TC: The problems with Bear Stearns, Lehman and AIG are all due to them being term transformers: borrowing short to lend long. This created the credit bubble (step 1) and has made the popping of that bubble so contagious in its effect, and broad in its impact. Basically, when the credit bubble collapsed, it triggered a bank run on the non-commercial banking world (ie. the “shadow” banking system)
-winterspeak
floccina
Oct 9 2008 at 5:26pm
The corporate structure is also some what of a guarantee and is to some what blame. If you listen to some of the players (http://www.thislife.org/Radio_Episode.aspx?episode=355) they new that these mortgages were junk but they new that would not be liable.
Andrew Galrand
Oct 9 2008 at 5:26pm
To Guyson:
You wrote:
My understanding was that part of the financial system, namely the shadow banking system, was not guaranteed by the government (and therefore not regulated by it either). Moreover, it was the unguaranteed and unregulated shadow banking system that imploded first, and percipitated this whole mess.
—
I haven’t heard of the shadow banking system. I would appreciate links to the topic.
My understanding is that Fannie Mae and Freddie Mac borrowed $5.4 trillion from the credit markets under an implied government guarantee, to hold prime mortgages along with $1.4 trillion of subprime mortgages.
Fannie and Freddie collapsed when people defalted in large and growing percentages on the subprime mortages. Then the entire market in subprime (80% owned outside of Fan and Fred) dropped to 1/2 of prior value, ruining most institutions that held them.
Fannie and Freddie grew using implied government guarantees, and Congress intentionally failed to regulate them.
This is a failure of IN PLACE regulation, ignored by congressional committees who looked the other way, because it was in their political interest for Fannie and Freddie to do just what they were doing. Their motto was “So far, so good”.
fundamentalist
Oct 9 2008 at 5:40pm
TC: “What is the connection between fractional reserve banking, the housing bubble and the crashing of the stock market (and perhaps collateral damage to the larger economy)?”
Even without term transformation, all banks are highly leveraged all of the time, meaning they have far more debt than equity. With banks the equity as a percent of liabilities is less than 5%. The investment banks and AIG were also highly leveraged. Leverage like that boosts return on assets and works fine until someone stubs their toe, that is, can’t pay the interest on debt because income has fallen below expectations. It just takes one company missing a payment and the whole structure of leveraged debt snaps back like a huge rubber band. That’s because no one has enough equity to carry them through less than perfect times, let alone really bad times. That’s what equity is for, to get you through the rough spots.
The housing bubble came about because companies borrowed huge amounts from banks to build houses, thereby stretching the credit structure of banks and themselves to the maximum. Demand was high because interest rates and credit standards were low. Someone sneezed (couldn’t make their mortgage payment) and the whole credit structure began to snap back because no one had any equity to help them through the rough patch.

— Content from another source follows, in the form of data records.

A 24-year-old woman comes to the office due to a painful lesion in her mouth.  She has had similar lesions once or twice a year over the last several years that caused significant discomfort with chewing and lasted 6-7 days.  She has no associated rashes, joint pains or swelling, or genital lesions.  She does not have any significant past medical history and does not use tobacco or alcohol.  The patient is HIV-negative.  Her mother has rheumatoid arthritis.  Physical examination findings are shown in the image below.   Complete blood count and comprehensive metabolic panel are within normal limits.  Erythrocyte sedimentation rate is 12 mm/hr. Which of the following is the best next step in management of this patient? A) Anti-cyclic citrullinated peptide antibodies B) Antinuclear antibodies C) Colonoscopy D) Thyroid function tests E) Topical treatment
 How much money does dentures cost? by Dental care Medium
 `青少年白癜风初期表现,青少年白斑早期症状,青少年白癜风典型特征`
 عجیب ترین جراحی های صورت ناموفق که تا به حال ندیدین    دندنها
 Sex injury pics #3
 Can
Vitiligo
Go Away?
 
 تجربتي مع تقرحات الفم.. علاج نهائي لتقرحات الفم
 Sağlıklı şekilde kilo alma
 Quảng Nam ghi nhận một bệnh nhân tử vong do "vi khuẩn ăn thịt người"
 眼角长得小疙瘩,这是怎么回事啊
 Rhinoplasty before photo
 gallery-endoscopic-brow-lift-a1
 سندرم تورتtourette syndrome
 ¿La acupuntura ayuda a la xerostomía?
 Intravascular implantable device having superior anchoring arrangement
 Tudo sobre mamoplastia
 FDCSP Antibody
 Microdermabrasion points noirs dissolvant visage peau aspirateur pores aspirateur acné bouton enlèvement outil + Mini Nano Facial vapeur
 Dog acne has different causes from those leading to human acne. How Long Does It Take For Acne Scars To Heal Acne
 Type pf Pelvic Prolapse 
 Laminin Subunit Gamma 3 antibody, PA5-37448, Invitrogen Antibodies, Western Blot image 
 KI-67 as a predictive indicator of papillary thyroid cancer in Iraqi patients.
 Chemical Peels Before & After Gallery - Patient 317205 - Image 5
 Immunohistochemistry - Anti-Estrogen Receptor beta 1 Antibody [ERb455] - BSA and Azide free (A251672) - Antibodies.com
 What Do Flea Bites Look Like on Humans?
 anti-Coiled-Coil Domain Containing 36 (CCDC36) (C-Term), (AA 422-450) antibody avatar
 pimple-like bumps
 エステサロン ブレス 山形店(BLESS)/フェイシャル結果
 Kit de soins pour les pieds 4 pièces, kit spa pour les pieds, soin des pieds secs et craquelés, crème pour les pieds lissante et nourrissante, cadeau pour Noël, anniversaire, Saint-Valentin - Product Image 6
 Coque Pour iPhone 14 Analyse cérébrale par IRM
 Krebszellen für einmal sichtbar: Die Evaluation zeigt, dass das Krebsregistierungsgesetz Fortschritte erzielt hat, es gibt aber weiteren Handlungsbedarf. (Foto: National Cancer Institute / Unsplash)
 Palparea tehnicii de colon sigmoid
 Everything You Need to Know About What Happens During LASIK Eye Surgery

The stock market often reaches its highs on borrowed money just as the housing market did. People sell stock to make margin calls, pay down debt and to escape further declines.
Libra
Oct 9 2008 at 11:08pm
For starters, you could simply rescind FDIC. There is market demand for a bank that is immune to runs, but FDIC keeps that from developing.
Whoahhhh. That’s not for starters. That has to be the last thing you do. The second you rescind FDIC you’d have the greatest bank run of all time. First, you’d have to convert all existing savings accounts to Federal Reserve Notes (the printing press would have to work overtime for that one). Then you can retract FDIC, and put a big “buyer beware label” on all fractional reserve banks.
winterspeak
Oct 10 2008 at 1:18am
Libra: You are quite correct, my ordering was wrong.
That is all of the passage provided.